Could you copy, exactly as written, every line from the first line of the records through the one containing "Ноутбук ASUS E402WA-GA002T 90NB0HC3-M02120"?

MATERIAL SUPPLIED Block Start

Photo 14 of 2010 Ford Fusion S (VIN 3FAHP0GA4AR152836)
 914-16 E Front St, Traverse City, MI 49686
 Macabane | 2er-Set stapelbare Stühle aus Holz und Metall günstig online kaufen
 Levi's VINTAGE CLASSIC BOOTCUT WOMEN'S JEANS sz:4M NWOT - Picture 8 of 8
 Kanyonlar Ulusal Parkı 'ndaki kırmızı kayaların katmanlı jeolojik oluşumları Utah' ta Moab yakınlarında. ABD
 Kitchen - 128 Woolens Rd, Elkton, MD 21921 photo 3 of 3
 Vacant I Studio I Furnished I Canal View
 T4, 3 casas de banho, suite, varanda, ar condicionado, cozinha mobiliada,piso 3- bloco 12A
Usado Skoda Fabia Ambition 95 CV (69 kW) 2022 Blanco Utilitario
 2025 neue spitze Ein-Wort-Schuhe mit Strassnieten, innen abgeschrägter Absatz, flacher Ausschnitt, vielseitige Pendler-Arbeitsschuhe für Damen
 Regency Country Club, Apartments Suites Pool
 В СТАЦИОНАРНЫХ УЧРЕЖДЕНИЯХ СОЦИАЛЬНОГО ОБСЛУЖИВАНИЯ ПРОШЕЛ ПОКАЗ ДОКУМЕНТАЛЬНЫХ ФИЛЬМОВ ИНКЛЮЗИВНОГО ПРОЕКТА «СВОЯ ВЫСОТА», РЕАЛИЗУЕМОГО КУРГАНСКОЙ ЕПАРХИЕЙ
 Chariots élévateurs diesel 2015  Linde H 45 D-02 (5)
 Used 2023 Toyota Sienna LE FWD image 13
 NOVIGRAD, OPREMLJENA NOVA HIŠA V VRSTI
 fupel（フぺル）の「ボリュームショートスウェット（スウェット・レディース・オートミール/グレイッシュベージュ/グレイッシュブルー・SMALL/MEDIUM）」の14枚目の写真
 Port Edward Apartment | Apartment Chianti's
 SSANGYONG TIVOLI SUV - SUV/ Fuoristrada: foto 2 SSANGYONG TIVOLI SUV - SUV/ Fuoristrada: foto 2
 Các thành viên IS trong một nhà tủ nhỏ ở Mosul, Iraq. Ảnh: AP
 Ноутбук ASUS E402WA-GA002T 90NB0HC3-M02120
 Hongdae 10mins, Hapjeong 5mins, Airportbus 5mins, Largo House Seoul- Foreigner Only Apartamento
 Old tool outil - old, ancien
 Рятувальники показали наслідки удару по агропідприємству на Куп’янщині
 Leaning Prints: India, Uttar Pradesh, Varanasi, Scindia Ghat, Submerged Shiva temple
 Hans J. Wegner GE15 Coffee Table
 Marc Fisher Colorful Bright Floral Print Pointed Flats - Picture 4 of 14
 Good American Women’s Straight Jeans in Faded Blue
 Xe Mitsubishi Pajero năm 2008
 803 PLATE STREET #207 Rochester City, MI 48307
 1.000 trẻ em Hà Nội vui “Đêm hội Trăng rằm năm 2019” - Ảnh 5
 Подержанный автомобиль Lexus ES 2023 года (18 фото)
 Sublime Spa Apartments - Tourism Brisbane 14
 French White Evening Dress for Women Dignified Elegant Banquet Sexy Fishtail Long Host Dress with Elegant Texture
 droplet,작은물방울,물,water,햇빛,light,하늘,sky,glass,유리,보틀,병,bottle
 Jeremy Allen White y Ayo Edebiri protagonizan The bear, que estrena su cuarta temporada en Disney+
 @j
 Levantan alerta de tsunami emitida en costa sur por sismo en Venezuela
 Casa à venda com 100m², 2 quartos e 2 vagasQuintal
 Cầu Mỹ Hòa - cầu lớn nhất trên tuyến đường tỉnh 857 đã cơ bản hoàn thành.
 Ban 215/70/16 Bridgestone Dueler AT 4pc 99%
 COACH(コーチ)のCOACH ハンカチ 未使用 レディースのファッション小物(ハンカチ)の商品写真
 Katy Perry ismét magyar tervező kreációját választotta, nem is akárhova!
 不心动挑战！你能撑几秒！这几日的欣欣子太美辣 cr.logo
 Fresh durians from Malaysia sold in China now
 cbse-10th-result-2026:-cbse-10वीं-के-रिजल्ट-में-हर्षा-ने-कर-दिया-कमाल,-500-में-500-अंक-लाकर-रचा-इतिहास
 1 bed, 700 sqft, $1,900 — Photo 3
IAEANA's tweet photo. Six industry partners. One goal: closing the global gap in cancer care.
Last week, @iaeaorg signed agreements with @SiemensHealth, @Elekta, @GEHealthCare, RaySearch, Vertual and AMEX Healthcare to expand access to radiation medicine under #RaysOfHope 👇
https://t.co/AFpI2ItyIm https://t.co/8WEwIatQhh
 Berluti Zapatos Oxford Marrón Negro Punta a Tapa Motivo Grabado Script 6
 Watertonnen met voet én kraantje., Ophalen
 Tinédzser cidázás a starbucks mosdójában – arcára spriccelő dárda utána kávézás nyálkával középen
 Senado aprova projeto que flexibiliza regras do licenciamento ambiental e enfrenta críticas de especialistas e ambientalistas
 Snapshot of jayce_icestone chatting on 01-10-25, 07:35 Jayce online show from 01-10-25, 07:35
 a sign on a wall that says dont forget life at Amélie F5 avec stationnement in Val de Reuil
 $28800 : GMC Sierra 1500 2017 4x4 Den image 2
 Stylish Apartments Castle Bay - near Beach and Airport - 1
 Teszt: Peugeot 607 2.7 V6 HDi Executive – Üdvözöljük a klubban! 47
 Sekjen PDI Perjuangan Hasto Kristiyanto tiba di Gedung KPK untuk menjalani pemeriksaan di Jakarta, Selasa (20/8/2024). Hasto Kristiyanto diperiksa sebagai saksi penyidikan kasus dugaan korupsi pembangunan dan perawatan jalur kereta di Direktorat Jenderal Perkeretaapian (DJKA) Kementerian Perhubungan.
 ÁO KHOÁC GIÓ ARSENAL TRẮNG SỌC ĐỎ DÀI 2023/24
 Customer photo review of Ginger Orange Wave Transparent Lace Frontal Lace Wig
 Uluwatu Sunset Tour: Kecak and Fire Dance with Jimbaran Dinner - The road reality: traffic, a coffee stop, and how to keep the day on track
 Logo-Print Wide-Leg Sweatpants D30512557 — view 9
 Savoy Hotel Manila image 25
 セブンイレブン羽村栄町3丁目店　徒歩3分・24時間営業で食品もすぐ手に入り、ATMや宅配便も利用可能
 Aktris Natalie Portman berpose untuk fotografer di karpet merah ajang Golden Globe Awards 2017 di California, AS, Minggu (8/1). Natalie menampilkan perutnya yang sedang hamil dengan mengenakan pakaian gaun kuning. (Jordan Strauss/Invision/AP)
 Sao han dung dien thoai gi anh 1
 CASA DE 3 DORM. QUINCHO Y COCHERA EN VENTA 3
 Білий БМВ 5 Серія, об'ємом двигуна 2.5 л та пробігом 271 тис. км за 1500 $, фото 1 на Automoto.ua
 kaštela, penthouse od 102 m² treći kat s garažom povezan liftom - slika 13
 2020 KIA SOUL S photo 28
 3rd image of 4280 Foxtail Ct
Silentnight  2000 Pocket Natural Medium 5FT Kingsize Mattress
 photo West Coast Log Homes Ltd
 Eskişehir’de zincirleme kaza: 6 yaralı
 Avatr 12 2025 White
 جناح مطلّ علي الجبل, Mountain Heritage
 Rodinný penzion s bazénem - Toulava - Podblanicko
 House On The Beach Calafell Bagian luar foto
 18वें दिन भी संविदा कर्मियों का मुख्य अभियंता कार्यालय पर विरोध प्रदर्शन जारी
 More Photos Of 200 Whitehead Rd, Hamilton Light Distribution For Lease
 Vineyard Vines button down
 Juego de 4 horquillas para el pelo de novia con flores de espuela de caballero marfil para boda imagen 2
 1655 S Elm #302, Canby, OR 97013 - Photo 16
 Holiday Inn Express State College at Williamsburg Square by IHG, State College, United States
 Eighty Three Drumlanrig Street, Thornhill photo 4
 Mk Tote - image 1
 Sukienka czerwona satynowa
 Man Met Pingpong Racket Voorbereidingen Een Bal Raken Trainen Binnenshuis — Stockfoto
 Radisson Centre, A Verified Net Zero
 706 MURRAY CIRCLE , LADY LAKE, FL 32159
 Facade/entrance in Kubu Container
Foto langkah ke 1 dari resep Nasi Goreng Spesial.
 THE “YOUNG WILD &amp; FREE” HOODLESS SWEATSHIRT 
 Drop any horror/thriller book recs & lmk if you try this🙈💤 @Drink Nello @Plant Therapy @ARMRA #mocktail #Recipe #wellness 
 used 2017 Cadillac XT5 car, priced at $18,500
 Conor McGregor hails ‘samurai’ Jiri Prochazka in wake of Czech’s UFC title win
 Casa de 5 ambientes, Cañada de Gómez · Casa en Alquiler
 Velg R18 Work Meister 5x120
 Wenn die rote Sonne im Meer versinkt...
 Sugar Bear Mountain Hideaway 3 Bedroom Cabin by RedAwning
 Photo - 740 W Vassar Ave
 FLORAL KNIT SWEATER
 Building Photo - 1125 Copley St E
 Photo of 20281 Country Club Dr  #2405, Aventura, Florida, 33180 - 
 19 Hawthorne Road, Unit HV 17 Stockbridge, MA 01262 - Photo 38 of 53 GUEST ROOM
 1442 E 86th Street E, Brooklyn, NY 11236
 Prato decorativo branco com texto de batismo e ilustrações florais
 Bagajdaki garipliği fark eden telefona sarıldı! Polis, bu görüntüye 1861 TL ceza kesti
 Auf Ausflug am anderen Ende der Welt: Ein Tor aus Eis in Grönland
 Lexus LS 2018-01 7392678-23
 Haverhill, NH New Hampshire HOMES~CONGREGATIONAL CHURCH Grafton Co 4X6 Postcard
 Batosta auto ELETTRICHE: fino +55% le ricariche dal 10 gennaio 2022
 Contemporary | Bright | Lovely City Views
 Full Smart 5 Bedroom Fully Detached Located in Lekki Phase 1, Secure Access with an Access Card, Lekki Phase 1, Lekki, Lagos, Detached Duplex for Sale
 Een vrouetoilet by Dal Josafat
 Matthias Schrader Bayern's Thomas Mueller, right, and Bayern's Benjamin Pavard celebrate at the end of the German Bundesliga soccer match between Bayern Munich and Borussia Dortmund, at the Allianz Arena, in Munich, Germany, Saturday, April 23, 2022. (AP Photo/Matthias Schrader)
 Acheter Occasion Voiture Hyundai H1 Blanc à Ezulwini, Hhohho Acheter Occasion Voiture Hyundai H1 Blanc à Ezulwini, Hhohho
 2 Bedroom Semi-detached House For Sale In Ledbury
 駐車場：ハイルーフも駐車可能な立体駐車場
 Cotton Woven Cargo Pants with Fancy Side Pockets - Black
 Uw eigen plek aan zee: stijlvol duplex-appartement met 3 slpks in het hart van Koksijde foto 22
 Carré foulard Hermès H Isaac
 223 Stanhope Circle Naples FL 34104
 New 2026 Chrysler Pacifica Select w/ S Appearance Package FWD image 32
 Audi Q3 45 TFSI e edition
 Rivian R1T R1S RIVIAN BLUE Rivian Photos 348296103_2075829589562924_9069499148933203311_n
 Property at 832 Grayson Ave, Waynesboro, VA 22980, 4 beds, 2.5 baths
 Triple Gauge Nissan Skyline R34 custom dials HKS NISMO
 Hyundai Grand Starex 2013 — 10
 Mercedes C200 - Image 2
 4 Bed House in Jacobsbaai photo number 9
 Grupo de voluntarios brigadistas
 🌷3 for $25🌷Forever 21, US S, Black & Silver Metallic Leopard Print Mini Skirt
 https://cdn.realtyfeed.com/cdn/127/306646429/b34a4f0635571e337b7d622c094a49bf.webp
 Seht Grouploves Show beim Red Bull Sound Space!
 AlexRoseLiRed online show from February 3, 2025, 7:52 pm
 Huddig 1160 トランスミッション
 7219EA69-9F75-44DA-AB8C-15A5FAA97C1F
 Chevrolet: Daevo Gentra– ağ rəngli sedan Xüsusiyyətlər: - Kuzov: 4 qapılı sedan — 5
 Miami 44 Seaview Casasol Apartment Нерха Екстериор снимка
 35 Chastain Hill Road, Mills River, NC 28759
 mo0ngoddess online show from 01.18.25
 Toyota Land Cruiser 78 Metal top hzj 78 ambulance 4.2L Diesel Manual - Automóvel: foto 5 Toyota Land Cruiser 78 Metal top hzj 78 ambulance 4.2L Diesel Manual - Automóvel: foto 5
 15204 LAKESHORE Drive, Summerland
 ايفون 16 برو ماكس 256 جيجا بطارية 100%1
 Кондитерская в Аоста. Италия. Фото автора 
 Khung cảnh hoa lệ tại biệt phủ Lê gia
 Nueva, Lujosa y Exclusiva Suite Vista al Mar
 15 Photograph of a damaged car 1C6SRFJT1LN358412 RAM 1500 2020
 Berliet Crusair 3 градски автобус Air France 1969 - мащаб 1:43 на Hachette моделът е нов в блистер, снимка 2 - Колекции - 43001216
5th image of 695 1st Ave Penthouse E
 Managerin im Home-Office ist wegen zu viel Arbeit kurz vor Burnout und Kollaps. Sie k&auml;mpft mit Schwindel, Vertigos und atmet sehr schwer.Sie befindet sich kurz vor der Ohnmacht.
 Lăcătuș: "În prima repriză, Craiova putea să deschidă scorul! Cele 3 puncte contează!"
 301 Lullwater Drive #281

MATERIAL SUPPLIED Block End

## REPLY
Photo 14 of 2010 Ford Fusion S (VIN 3FAHP0GA4AR152836)
 914-16 E Front St, Traverse City, MI 49686
 Macabane | 2er-Set stapelbare Stühle aus Holz und Metall günstig online kaufen
 Levi's VINTAGE CLASSIC BOOTCUT WOMEN'S JEANS sz:4M NWOT - Picture 8 of 8
 Kanyonlar Ulusal Parkı 'ndaki kırmızı kayaların katmanlı jeolojik oluşumları Utah' ta Moab yakınlarında. ABD
 Kitchen - 128 Woolens Rd, Elkton, MD 21921 photo 3 of 3
 Vacant I Studio I Furnished I Canal View
 T4, 3 casas de banho, suite, varanda, ar condicionado, cozinha mobiliada,piso 3- bloco 12A
Usado Skoda Fabia Ambition 95 CV (69 kW) 2022 Blanco Utilitario
 2025 neue spitze Ein-Wort-Schuhe mit Strassnieten, innen abgeschrägter Absatz, flacher Ausschnitt, vielseitige Pendler-Arbeitsschuhe für Damen
 Regency Country Club, Apartments Suites Pool
 В СТАЦИОНАРНЫХ УЧРЕЖДЕНИЯХ СОЦИАЛЬНОГО ОБСЛУЖИВАНИЯ ПРОШЕЛ ПОКАЗ ДОКУМЕНТАЛЬНЫХ ФИЛЬМОВ ИНКЛЮЗИВНОГО ПРОЕКТА «СВОЯ ВЫСОТА», РЕАЛИЗУЕМОГО КУРГАНСКОЙ ЕПАРХИЕЙ
 Chariots élévateurs diesel 2015  Linde H 45 D-02 (5)
 Used 2023 Toyota Sienna LE FWD image 13
 NOVIGRAD, OPREMLJENA NOVA HIŠA V VRSTI
 fupel（フぺル）の「ボリュームショートスウェット（スウェット・レディース・オートミール/グレイッシュベージュ/グレイッシュブルー・SMALL/MEDIUM）」の14枚目の写真
 Port Edward Apartment | Apartment Chianti's
 SSANGYONG TIVOLI SUV - SUV/ Fuoristrada: foto 2 SSANGYONG TIVOLI SUV - SUV/ Fuoristrada: foto 2
 Các thành viên IS trong một nhà tủ nhỏ ở Mosul, Iraq. Ảnh: AP
 Ноутбук ASUS E402WA-GA002T 90NB0HC3-M02120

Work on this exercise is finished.